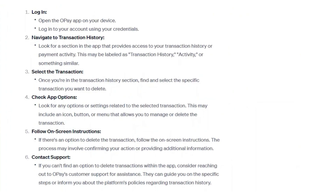If there is an option to delete the transaction, follow the on-screen instructions. The process may involve confirming your action or providing additional information. If you can't find an option to delete transactions within the app, consider reaching out to OPay's customer support for assistance.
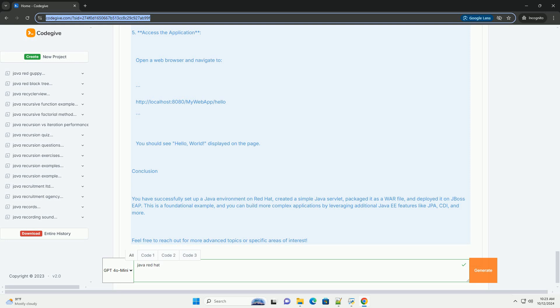2. Install JBoss EAP. You can download JBoss EAP from the Red Hat customer portal. Once downloaded, extract it and set up the environment variables.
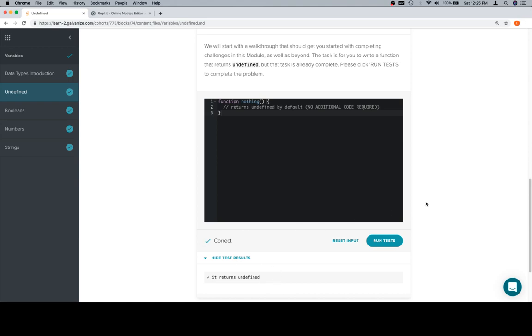All this is going to represent for you is a walkthrough of what you will eventually do in later problems. In later problems, there'll be something that you should likely write here as code to complete the definition of the function. When we click run test, it's going to run your function and ensure that it does what it ought to in any scenario. But for now, we've done everything we need to because we didn't need to do anything.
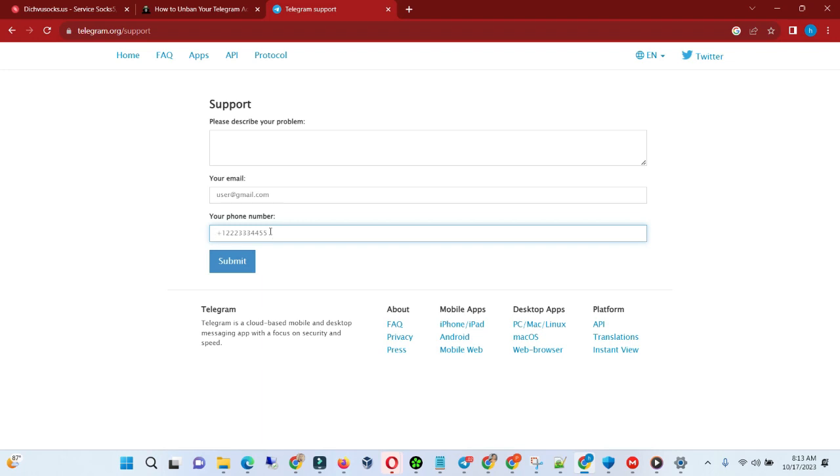But one thing that will make them release your account is if you can be able to tell them tangible reasons why they need to unban your account, and I'm giving you a few headlines of what you can tell them.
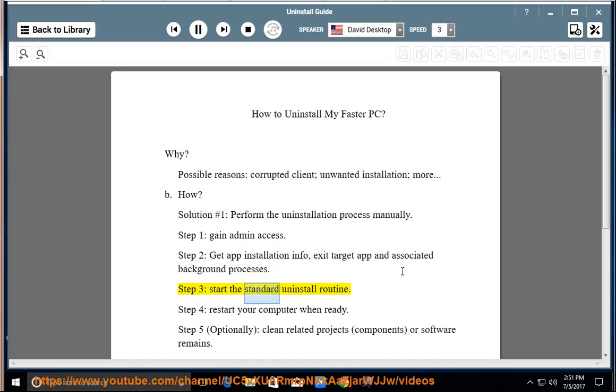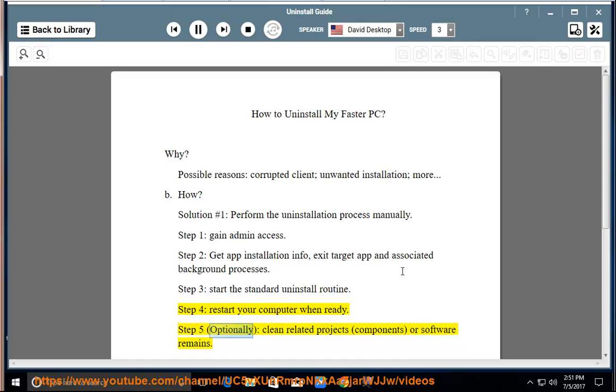Step 3, start the standard uninstall routine. Step 4, restart your computer when ready. Step 5 (optionally): clean related projects, components, or software remains.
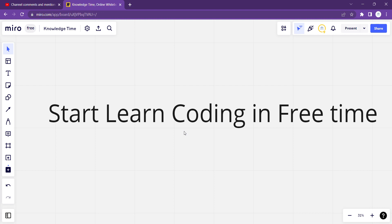Hello friends, once again very welcome back to the new video. In this video I am going to complete focus for those who wanted to take admission in the computer, IT, ICT, computer science or any of the computer related branch. So the main focus for today's video is coding.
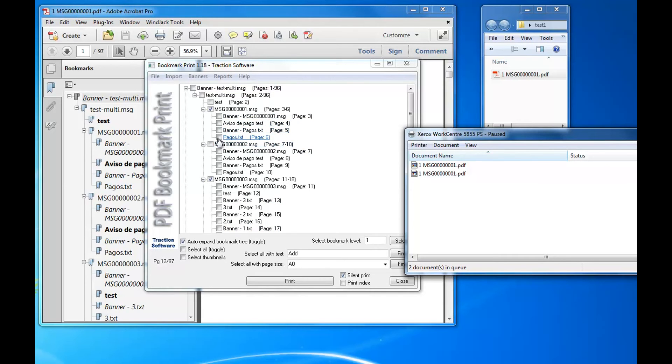And you can also individually select individual files to print if you want as well. You can also do a print index.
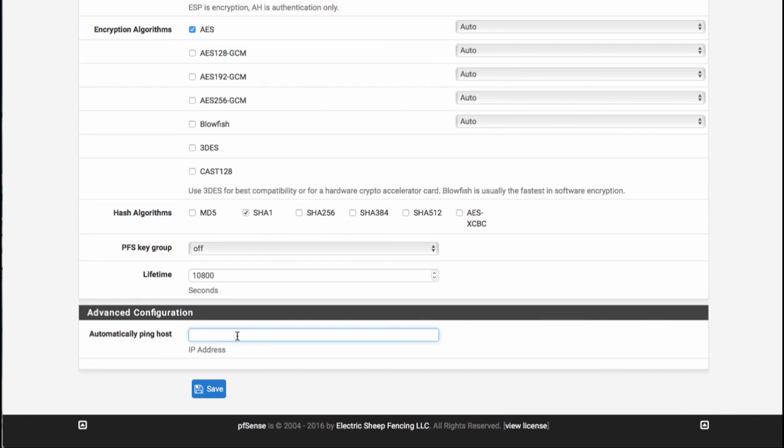If you don't do this, the tunnel will actually stay collapsed until such time as there's network traffic that goes into the router that is destined for the remote network. At that time, it will then create phase one, build phase two, and then allow the traffic.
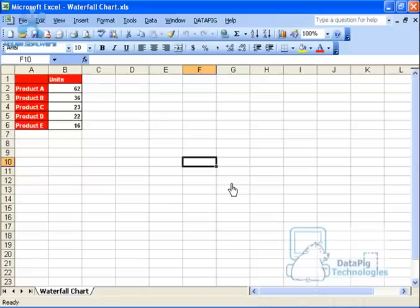In this video, I'm going to quickly show you how to create a waterfall chart in a Crystal Excelsius dashboard. And you'll be surprised at exactly how easy it is.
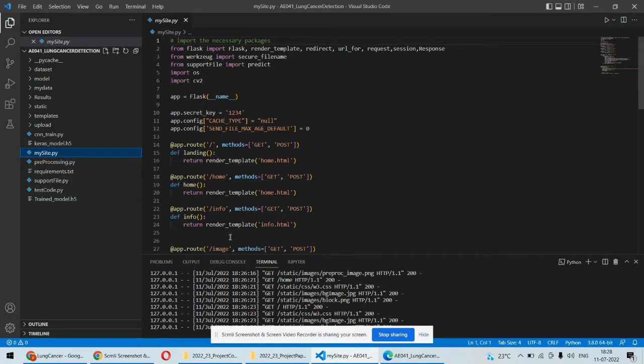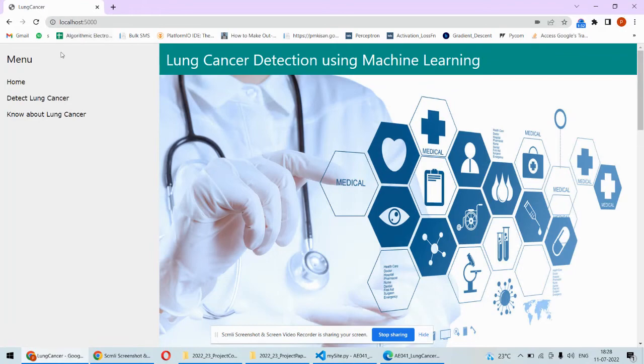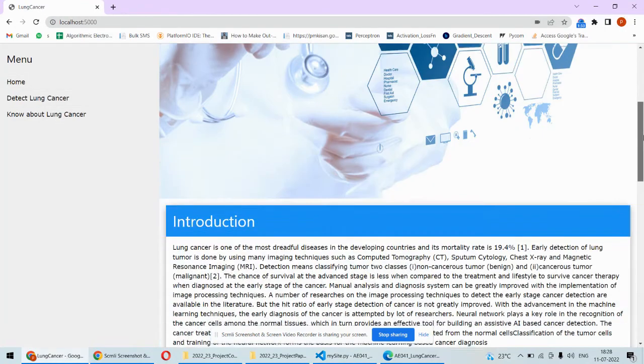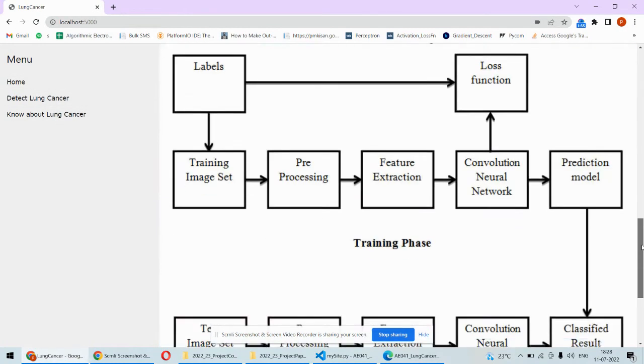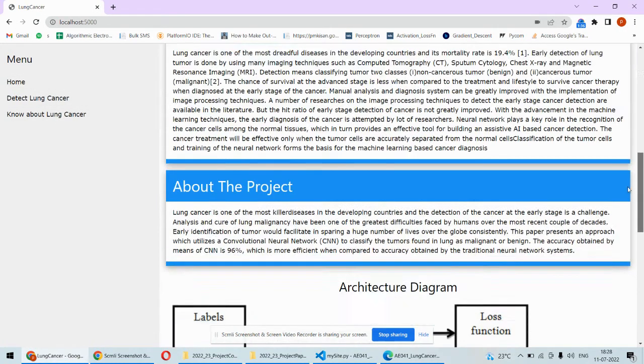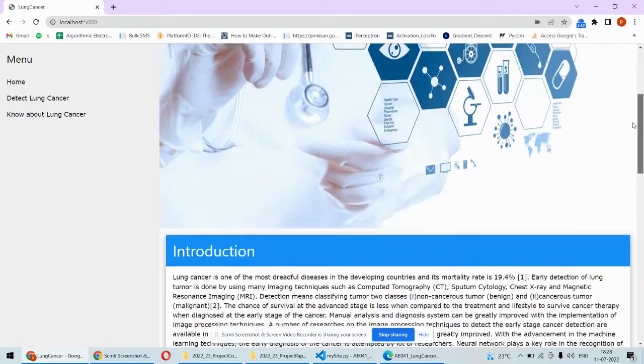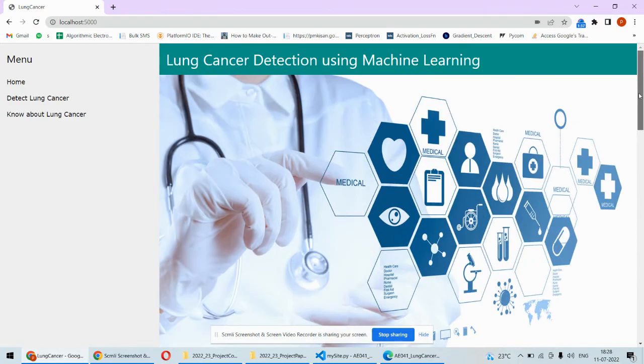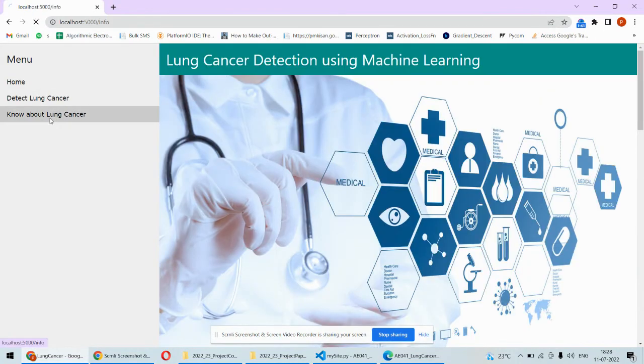Now once we run the project, this kind of interface we will find. So this is the front page and here you can add your own information as well.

• • • •

* [Problem statement]: Your reply should consist solely of the lines above, from the opening line through the line with "All this is", reproduced exactly and without pictures.

* [Task output]:
If there is an option to delete the transaction, follow the on-screen instructions. The process may involve confirming your action or providing additional information. If you can't find an option to delete transactions within the app, consider reaching out to OPay's customer support for assistance.
2. Install JBoss EAP. You can download JBoss EAP from the Red Hat customer portal. Once downloaded, extract it and set up the environment variables.
All this is going to represent for you is a walkthrough of what you will eventually do in later problems. In later problems, there'll be something that you should likely write here as code to complete the definition of the function. When we click run test, it's going to run your function and ensure that it does what it ought to in any scenario. But for now, we've done everything we need to because we didn't need to do anything.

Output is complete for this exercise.